Marcelo Barros(*)
A vida é bonita, todos nós, brasileiros, cantamos e repetimos com Gonzaguinha, na canção que diz ser esta a resposta das crianças: “é bonita, é bonita e é bonita!”. Agora, “a vida em primeiro lugar” é o tema do 17º Grito dos Excluídos a ser realizado no próximo 07 de setembro. Novamente o clamor pela vida será o conteúdo das reflexões, mas também de arte, poesia e música que integrarão esse evento.

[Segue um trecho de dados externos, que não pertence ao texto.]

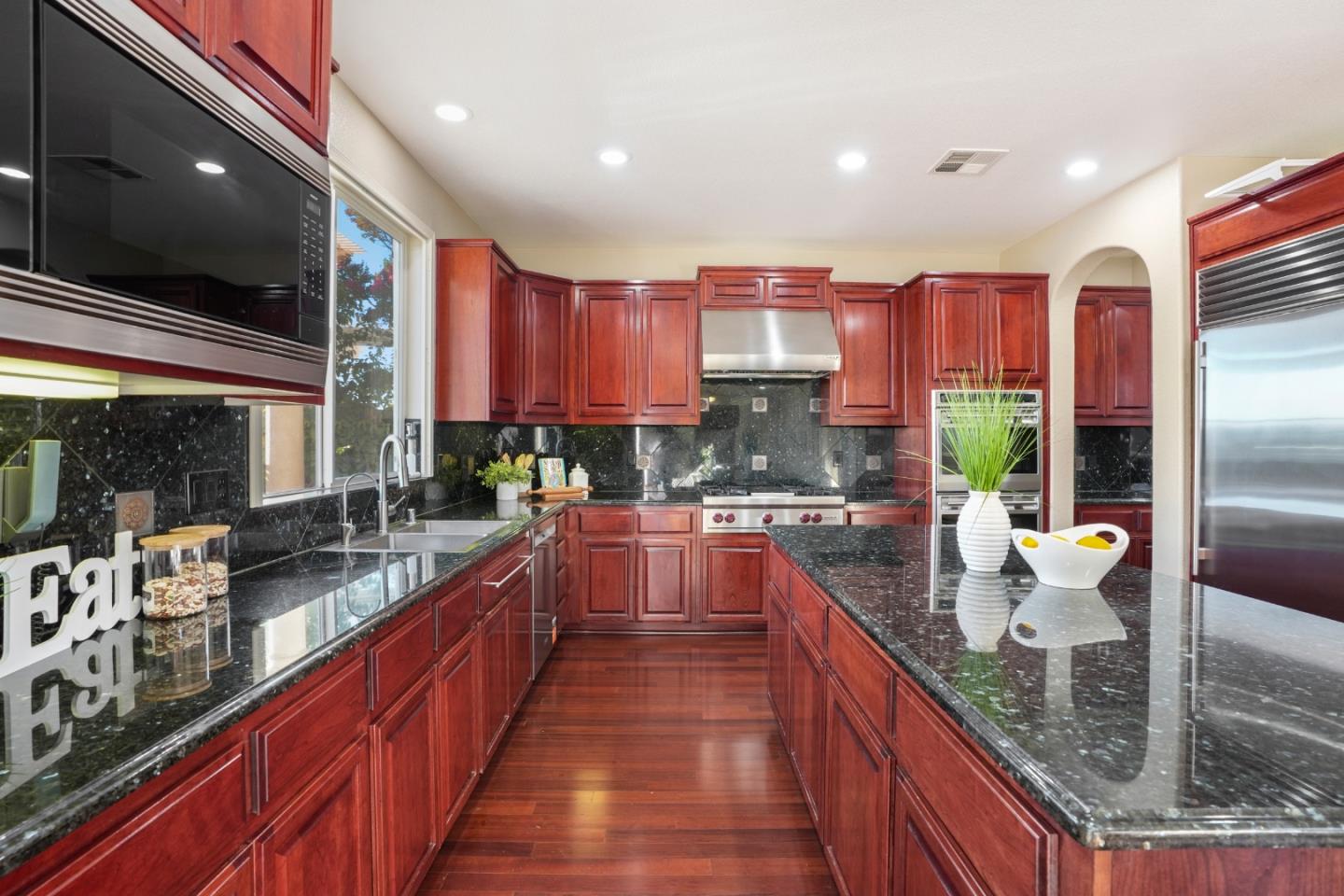 1553 Quiet Pond LN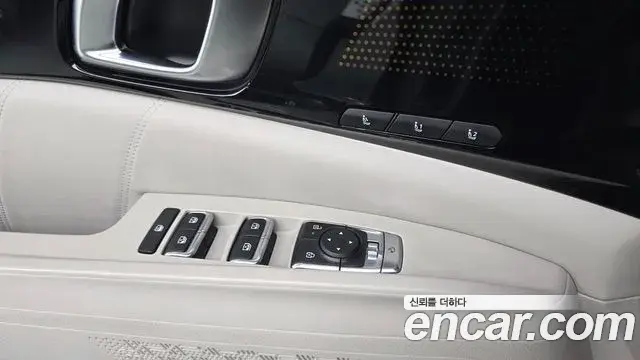 Kia Carnival 2024 — Photo 9/36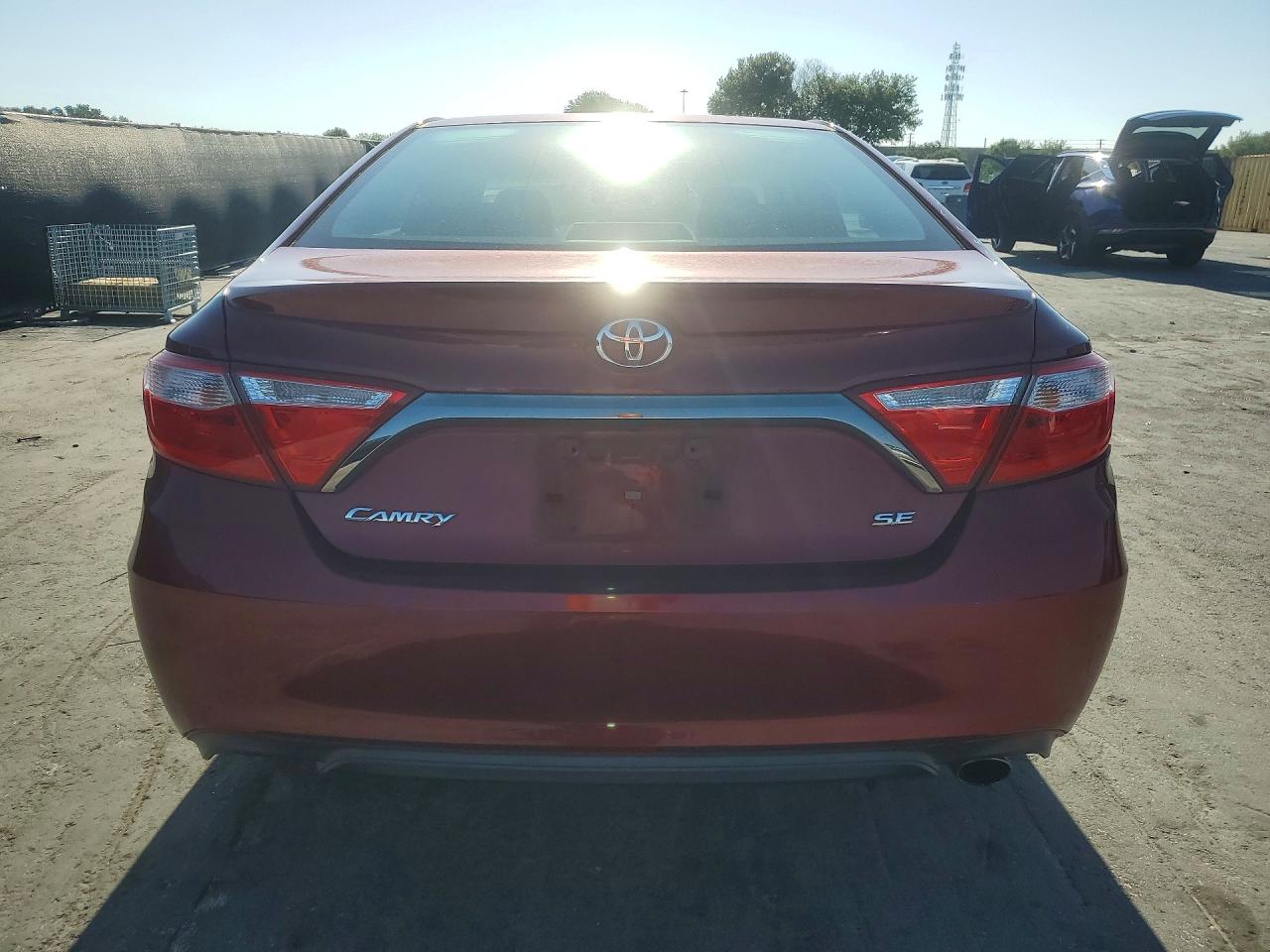2016 TOYOTA CAMRY SE photo 11
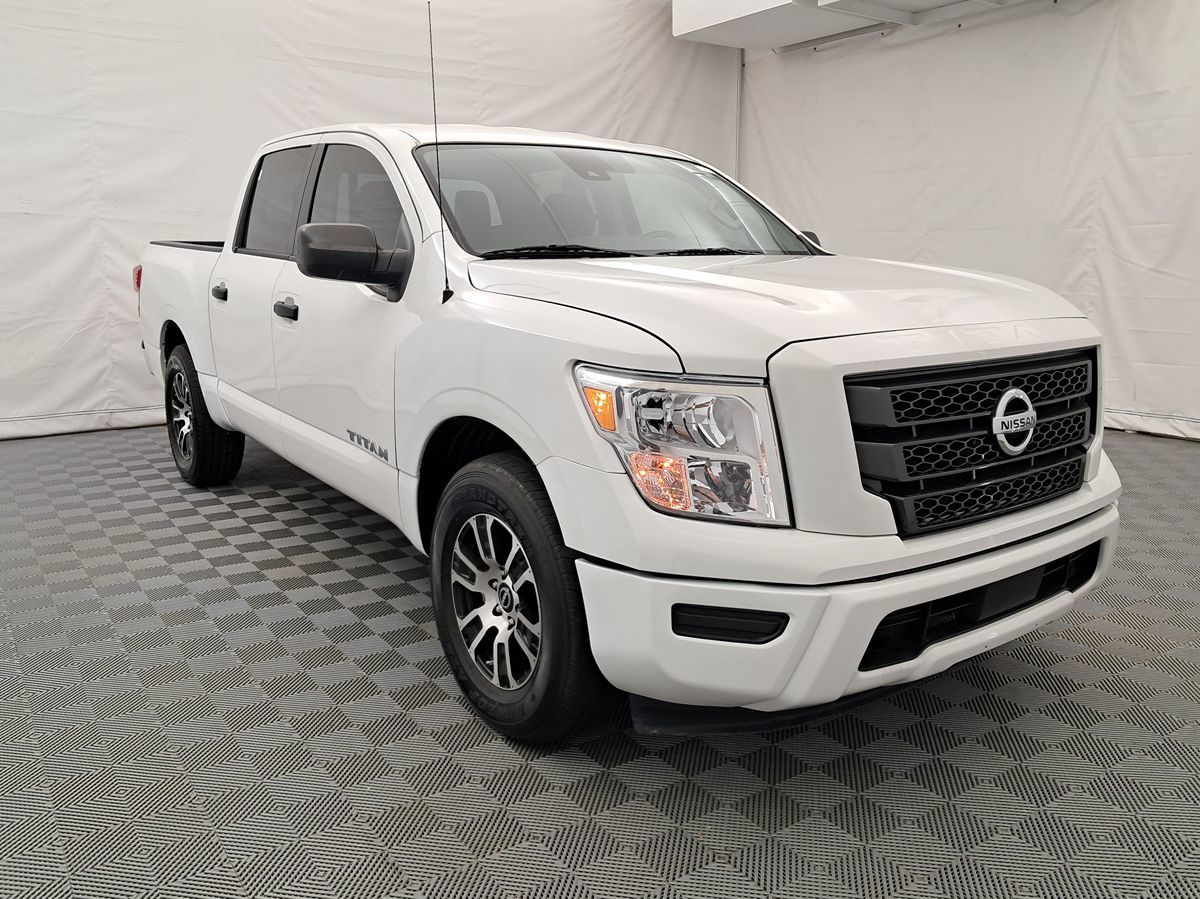 2023 Nissan Titan SV Crew Cab photo 3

Pelo 17º ano, as manifestações cívicas do dia da pátria não se restringirão à tradicional parada militar e nem mesmo ao desfile de estudantes pelas ruas. Em todo o Brasil, homens e mulheres, velhos e jovens, trabalhadores ou desempregados, todos são convidados a se expressar nas ruas das principais cidades brasileiras o grito que, este ano, foi condensado no seguinte lema: “Pela vida, grita a Terra. Por direitos, todos nós!”.

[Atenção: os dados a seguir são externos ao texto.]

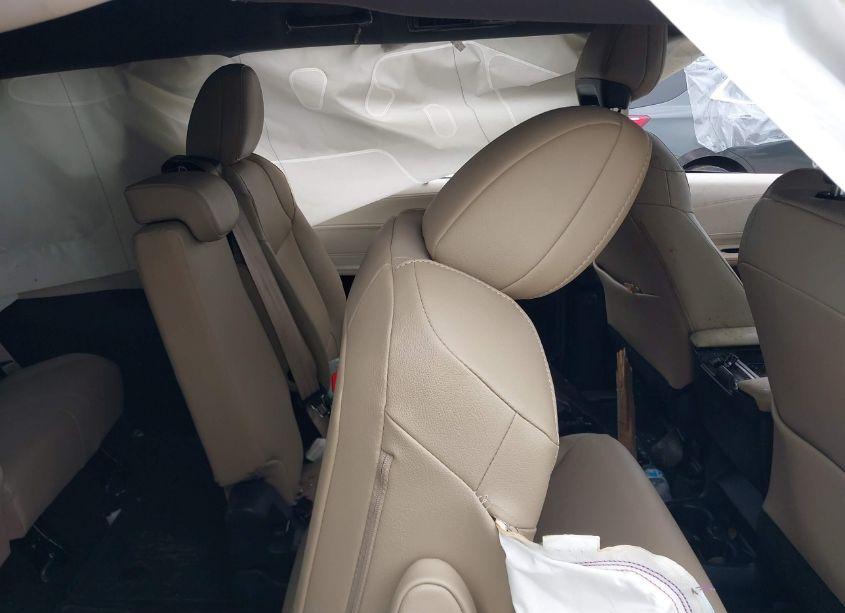 Photo 8 of 2024 Toyota Sienna XLE (VIN 5TDYRKEC2RS220855)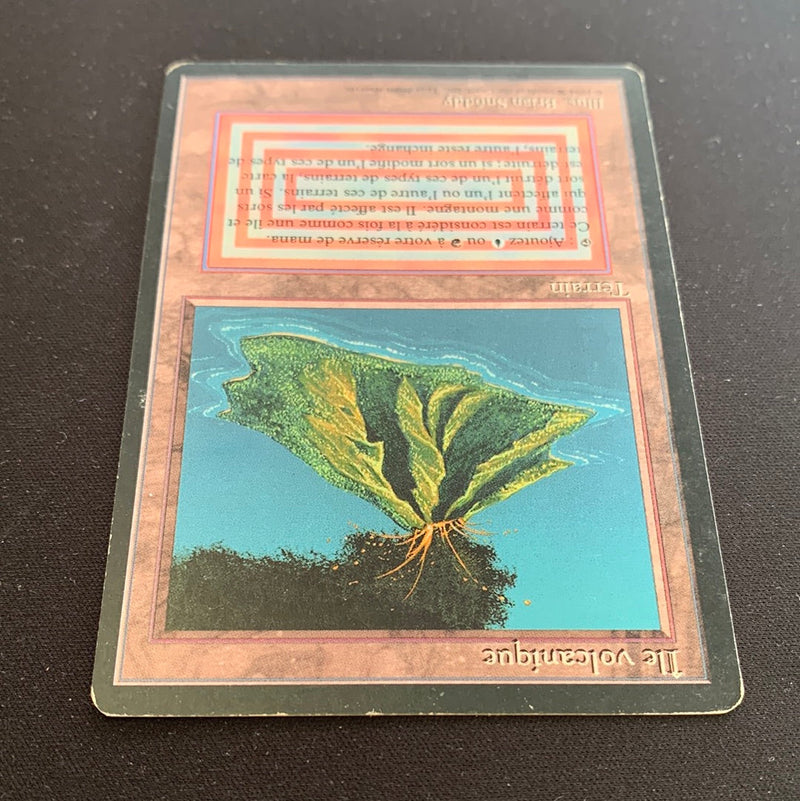 Volcanic Island - Foreign Black Bordered - French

O Grito dos Excluídos é iniciativa das pastorais populares da Conferência Nacional dos Bispos do Brasil (CNBB), ligada aos movimentos populares. Ele reúne pacificamente milhares de pessoas. Nos primeiros tempos, era como uma voz que clama no deserto. Atualmente, o Grito se une aos numerosos fóruns sociais que se espalham pelo mundo e às manifestações da juventude e da sociedade civil que tomam praças e ruas em várias cidades da Europa e da África para dizer a todos que um novo mundo é possível e urgente.
Talvez as redes maiores de televisão e jornais não dêem boa cobertura ao Grito dos Excluídos, mas não poderão deixar de mostrar o rosto de crianças famintas na Somália. Não poderão esconder que a taxa de desemprego na Espanha chegou a quase 30%. E são obrigados a noticiar que nos Estados Unidos existem 40 milhões de pobres e carentes. E não se tratam apenas de migrantes e sim de norte-americanos, nascidos e criados em seu próprio país.

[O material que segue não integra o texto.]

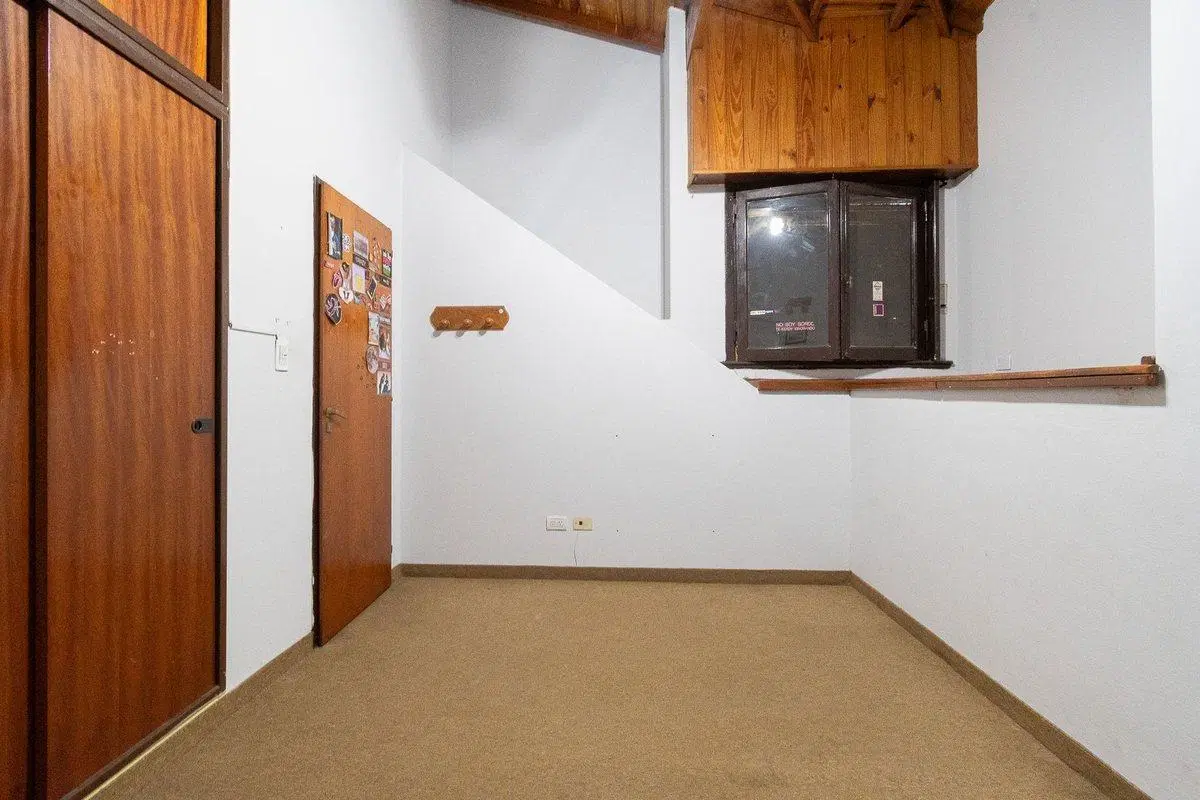 Venta Casa 6 amb jardin pileta cochera 4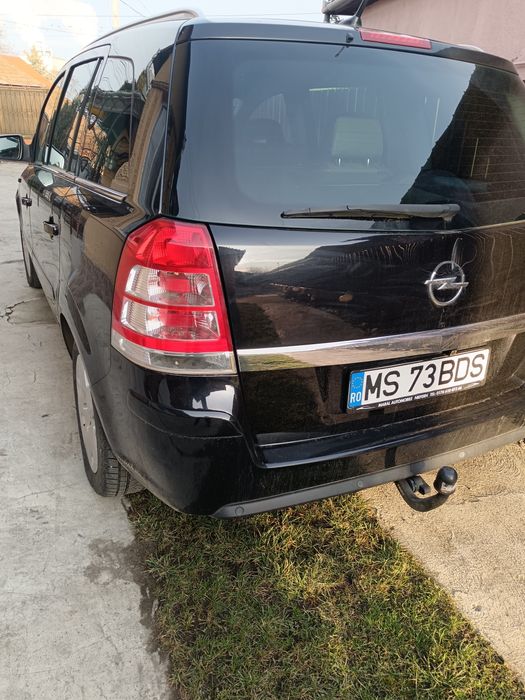 De vânzare Opel Zafira b.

Ninguém precisa ser de grupos e movimentos populares para perceber que alguma coisa neste mundo não está correta. Quase um bilhão de seres humanos passa fome em um mundo que nunca produziu tanta comida como atualmente. As revistas internacionais mostram que dois norte-americanos juntos possuem uma renda mais alta do que a soma do PIB de 47 países da África. Sobre a realidade brasileira, a realidade é que “a concentração da terra não só é a mesma dos primeiros anos da ditadura militar, mas aumentou. (...) As pequenas propriedades, com menos de dez hectares, ocupam 2, 36% di total das terras agricultáveis do país, embora representem quase metade (47, 86%) dos estabelecimentos rurais. Enquanto isso, apenas um por cento de proprietários controlam 44, 42% das terras, situação das piores concentrações agrárias do mundo” (Cf. Carta Capital 03 de agosto 2011, p. 22). Os dados revelam ainda que os pequenos lavradores, mesmo em uma extensão de terra tão reduzida, produzem mais de 70% de toda alimentação que vai para a nossa mesa (dados da CONTAG).
No Brasil e em outros países, essa realidade iníqua não acontece por uma fatalidade do destino ou porque é inevitável e sim porque os grandes deste mundo insistem em organizar assim a sociedade e contam com a apatia e a omissão da maioria da população que sofre, mas não se sente chamada a transformar essa realidade. No decorrer da história, muitas vezes, as religiões serviram como fatores de legitimação da desigualdade social e das injustiças. Atualmente, cada vez mais cresce o número de pessoas que, em todas as religiões ou em caminhos independentes, descobrem: se Deus é amor e o seu projeto para o mundo é de paz e justiça, o caminho da intimidade com o Espírito supõe necessariamente a solidariedade com todas as pessoas que sofrem e o compromisso com a justiça e o direito. No evangelho, Jesus proclama: “Bem-aventuradas, (abençoadas por Deus e felizes) todas as pessoas que têm fome e sede de justiça, porque serão saciadas” (Mt 5, 6). Esse é o espírito que move o Grito dos Excluídos.
(*) Monge beneditino, teólogo e escritor.